Task item:
Print the listing below word for word, but drop any pictures it contains.

=== Dataset section ===

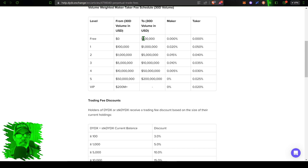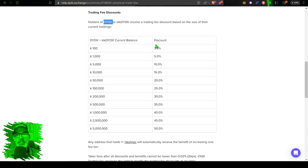Trading with leverage, it's not hard to exceed the $100,000 mark, so in reality you might fall into level one or two fees where the maker fee is 0.02% to 0.015% and the taker fee is 0.05% or 0.04% — pretty much in line with Binance and Bybit. The more volume you trade, the lower your fees. Another way to get a trading fee discount is to hold dYdX tokens, similar to holding BNB tokens on Binance.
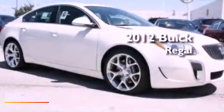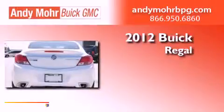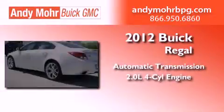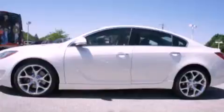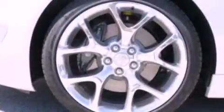This is a brand new 2012 Buick Regal. This car has an automatic transmission and an inline four-cylinder engine. Its top features include a multi-link rear suspension, an intercooled turbocharger, and a tire pressure monitoring system.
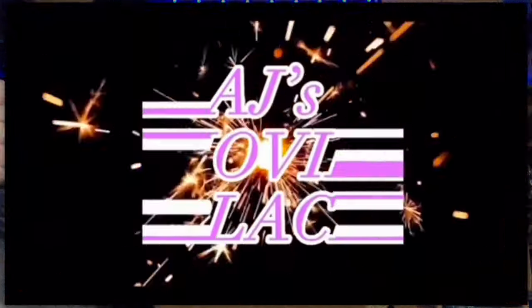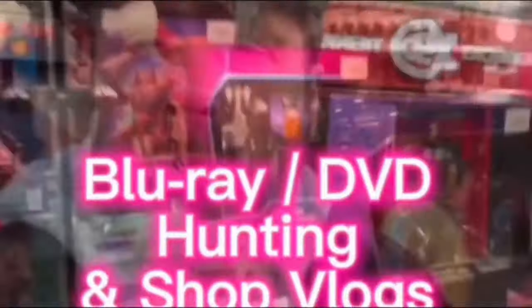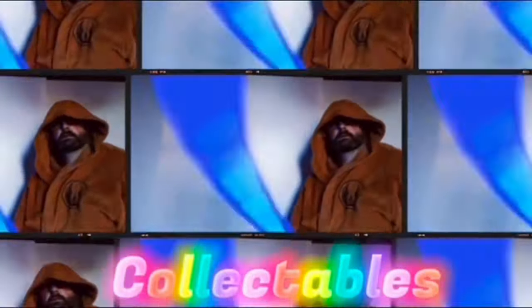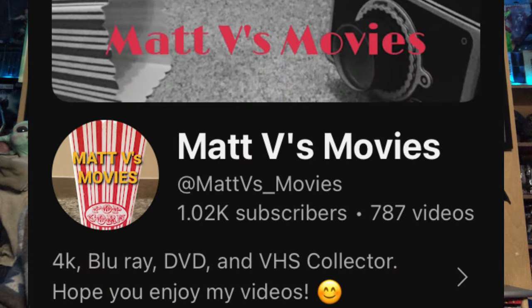I've got another Christmas gift package here to open and this one comes from Matt over at Matt Vs Movies. Welcome back to the channel — a new gift package opening video, kindly sent to me from Matt. Thank you very much Matt. Before I open it, I'll say I've also sent Matt a package of stuff, so you can go to his channel — link is down below.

===

Answer box:
Trading with leverage, it's not hard to exceed the $100,000 mark, so in reality you might fall into level one or two fees where the maker fee is 0.02% to 0.015% and the taker fee is 0.05% or 0.04% — pretty much in line with Binance and Bybit. The more volume you trade, the lower your fees. Another way to get a trading fee discount is to hold dYdX tokens, similar to holding BNB tokens on Binance.
This is a brand new 2012 Buick Regal. This car has an automatic transmission and an inline four-cylinder engine. Its top features include a multi-link rear suspension, an intercooled turbocharger, and a tire pressure monitoring system.
I've got another Christmas gift package here to open and this one comes from Matt over at Matt Vs Movies. Welcome back to the channel — a new gift package opening video, kindly sent to me from Matt. Thank you very much Matt. Before I open it, I'll say I've also sent Matt a package of stuff, so you can go to his channel — link is down below.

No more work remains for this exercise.